Trust information should not be hidden in a footer disclaimer. PlantLightIndex exposes Methodology, Sources and Data as first-class site sections because they explain the product itself. A user who sees a contextual range on a plant profile can move directly to the methodology that defines contextual mode. A user who sees an interpolated fixture distance can inspect the measurement rules and download the underlying fixture record.

This internal linking also keeps the site focused. Instead of repeating the complete methodology on every profile, each profile shows the decision-specific evidence block and links to the canonical explanation.

Methodology review checklist

  • Is the entity identity correct and clearly separated from aliases?
  • Does each numeric observation retain source and measurement context?
  • Is a practical recommendation separated from physiology and survival evidence?
  • Does calculator behavior match the evidence mode?
  • Are contextual ranges labelled as contextual at every use point?
  • Does fixture interpolation stay within compatible measured endpoints?
  • Do public datasets preserve null values and provenance?
  • Can a user reach the original source from the profile or Source Library?

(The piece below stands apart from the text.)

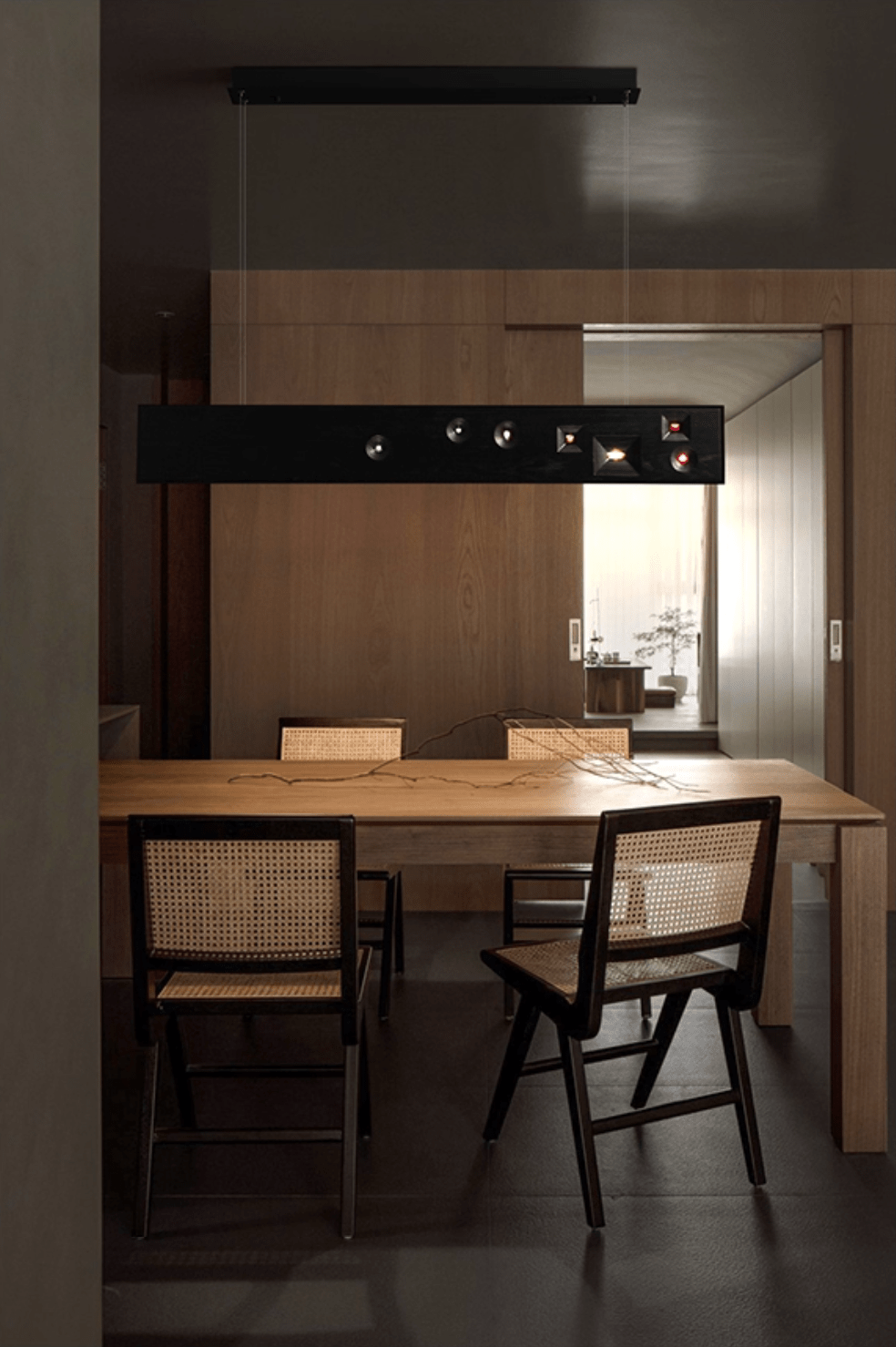 Ilvius Suspension Bois Pierre Précieuse Linéaire LED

These questions guide Stage 10 and future releases. The downloadable data and source library make the answers visible outside the codebase.

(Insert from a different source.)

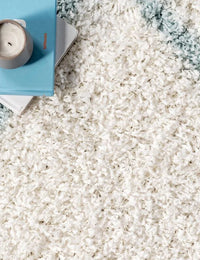 Latice Ivory Blue Retro Collection Plush Shag Rug - Image 6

What changes as PlantLightIndex grows

The methodology is designed for a small curated launch database and for a much larger future catalog. Adding hundreds of plants should not require weakening the publication threshold. Instead, the same statuses can identify records that are ready for numerical calculation, records that are useful only as context and records that still need research. The database can grow unevenly while remaining honest about where the evidence is strongest.

The same applies to grow lights. A larger fixture catalog will naturally contain a mix of multi-point curves, single measurements and specification-only products. The public interface should make those differences easier to see as the catalog expands, not hide them behind one generic comparison score. Independent testing can add a new evidence layer without deleting manufacturer provenance.

Future methodological changes should be documented when they alter the meaning of a public field or calculator result. Cosmetic interface changes do not require a new scientific method, but changing confidence thresholds, interpolation rules or publication criteria should be treated as a data-governance decision. That keeps old and new records comparable.

One methodology, several user interfaces

The same evidence rules appear differently across the site. A plant profile emphasizes recommendation basis and scope. A calculator emphasizes whether a measured PPFD is below, within or above a practical reference. A chart emphasizes comparison and missing-data visibility. A fixture page emphasizes measurement span and source provenance. A dataset page exposes the underlying fields directly.

These interfaces should not contradict one another. If a plant is qualitative in the data layer, no chart or calculator should quietly invent a numerical target. If a fixture is spec-only, no commercial guide should display a calculated distance. Stage 10 makes those cross-page rules explicit and gives users canonical methodology pages when they want the deeper explanation.